There’s a different New York City outside of Manhattan, full of family restaurants, tree-lined streets, old country traditions and avant-garde art. It only takes a subway pass and a little exploration to find the cobblestone byways of Brooklyn, the bucolic wonders of the Bronx, and hidden culinary delights of Queens.
Start with a jaunt across the Brooklyn Bridge. To the right is New York’s gaping harbor, home to the Statue of Liberty, Governor’s Island, and Staten Island. Over your left shoulder, if you’re gazing northwest, you’ll see midtown Manhattan. The silver point is the Chrysler Building.

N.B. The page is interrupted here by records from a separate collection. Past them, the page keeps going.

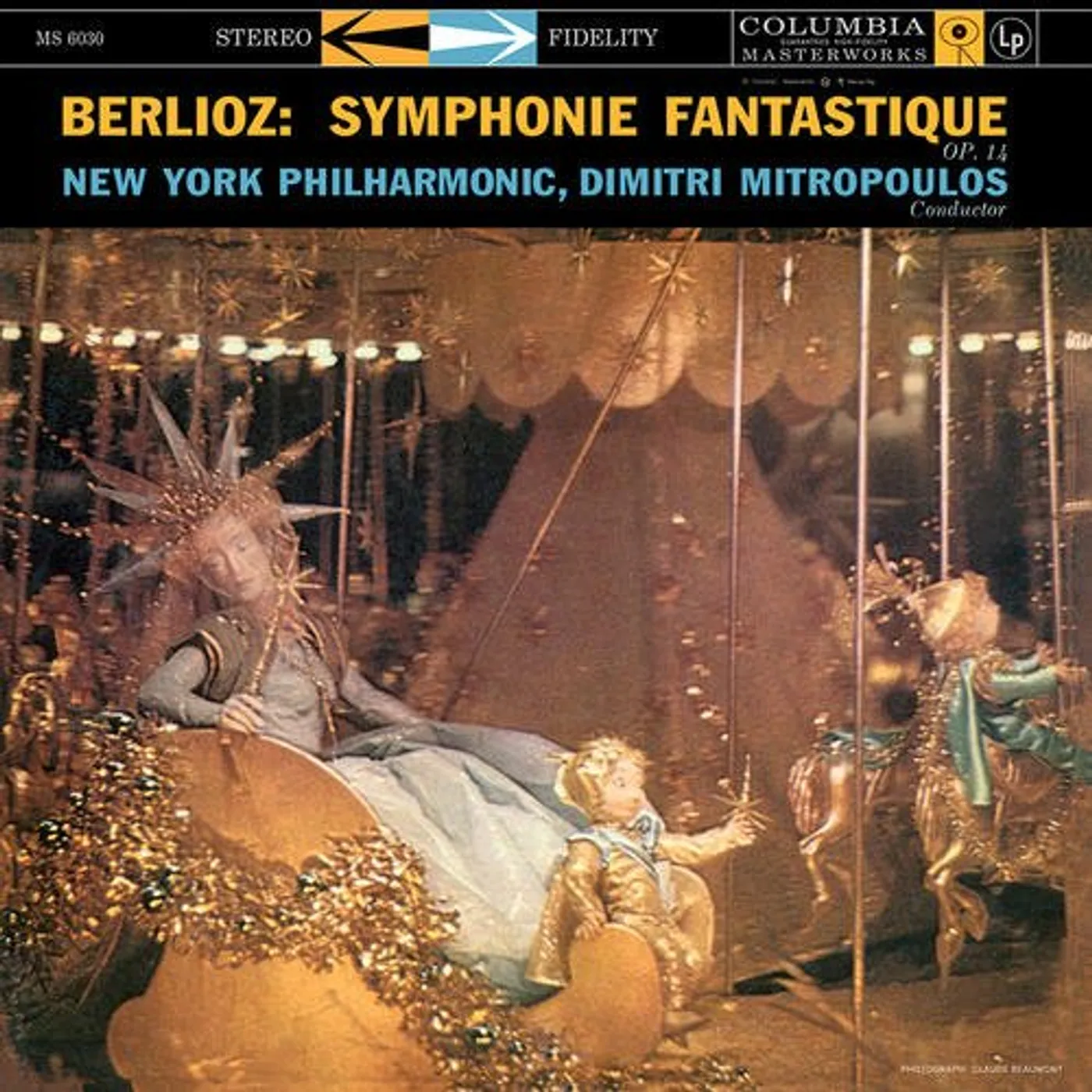 Hector Berlioz Symphonie Fantastique Vinyl Record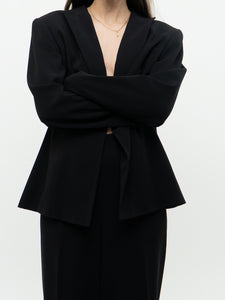 Vintage x BILL BLASS Black Suit (L)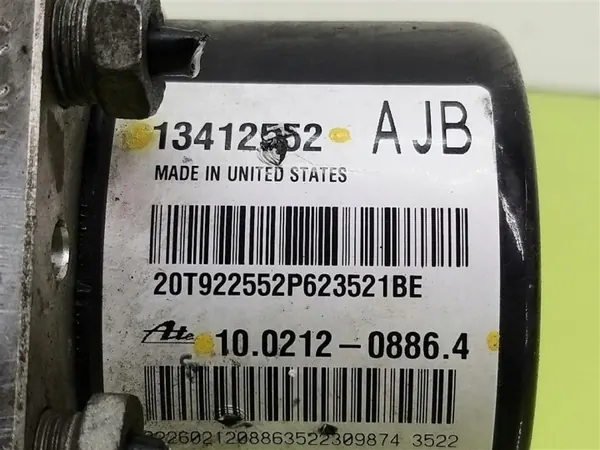 Pompe ABS OEM 13412552 pour Opel Zafira Tourer C image 5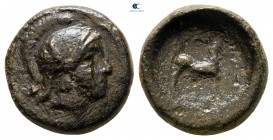 Thessaly. Phalanna circa 375-350 BC. Chalkous Æ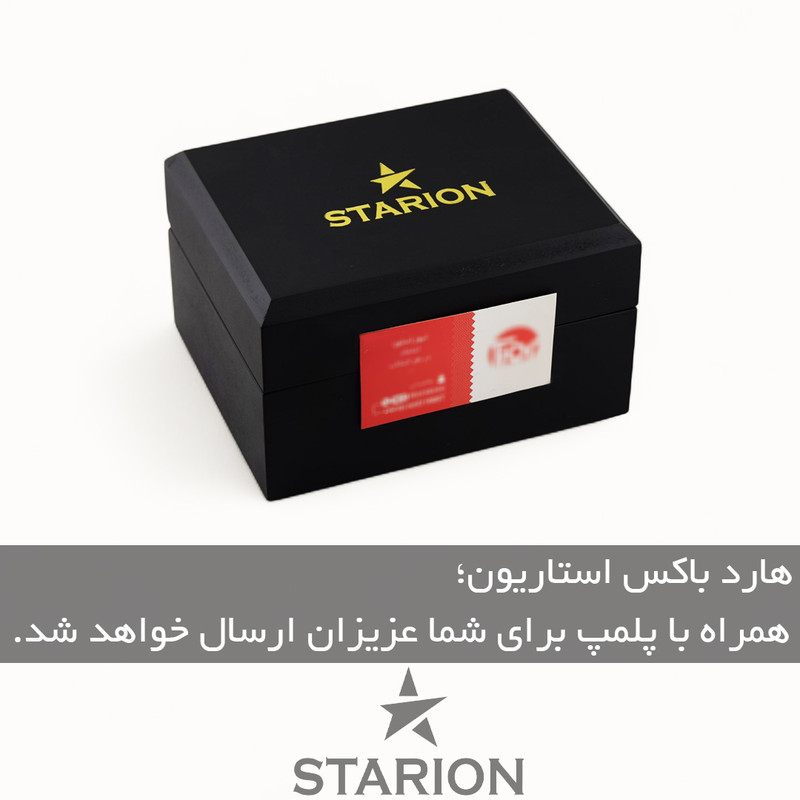 ساعت مچی عقربهای کوارتز مردانه استاریون مدل کرنوگراف رفرنس B727-C1 — تصویر ۲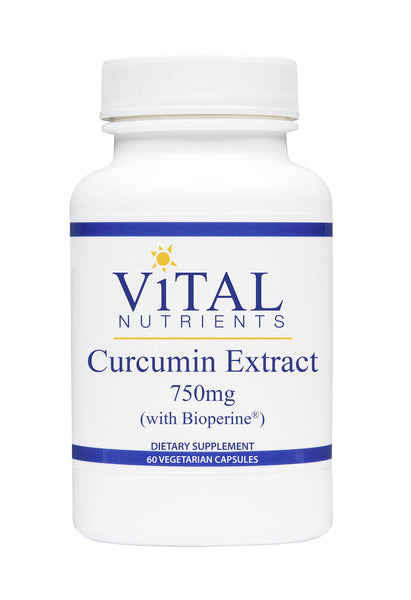 Curcumin Extract 750 mg 60 capsules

Follow the staircase exit on the left to Washington St. Welcome to Brooklyn. If you head left on Washington St, you’ll reach DUMBO (aka Down Under the Manhattan Bridge Overpass), a former industrial wasteland that’s been taken over by artists and turned into a gallery and loft-heavy residential space – with a few rough edges.
Swing by the Front St Galleries just up the road, before making a bee-line to Bubby’s, a former warehouse that’s now a luxury loft building - take in stellar East River views while you sample the homemade pies. Or, for a coffee and croissant fix, turn right onto Water St and stroll to Jacques Torres Chocolate (take an outdoor table overlooking the waterfront).
Now follow the 10-block stretch of leafy Brooklyn Heights Promenade, which overlooks the nabe’s gorgeous brownstones. Detour down Willow St to No 70 – that’s where Truman Capote wrote Breakfast at Tiffany’s. No visit to Brooklyn would be complete without stopping by one of the borough’s knockout landmarks: the white pillared beaux-arts Brooklyn Museum of Art - a subway ride away to Eastern Parkway.
Change the Brooklyn vibe from pastoral to offbeat with a trip to Coney Island. Grab a train to the Brooklyn coast and step off into the brisk sea air. Stretch your legs along the famous three-mile Coney Island Boardwalk, buffeted even in the summer by stiff Atlantic breezes, and check out the crazy Wonder Wheel and other 1940s freak show attractions that once made Coney Island the premier location for family fun.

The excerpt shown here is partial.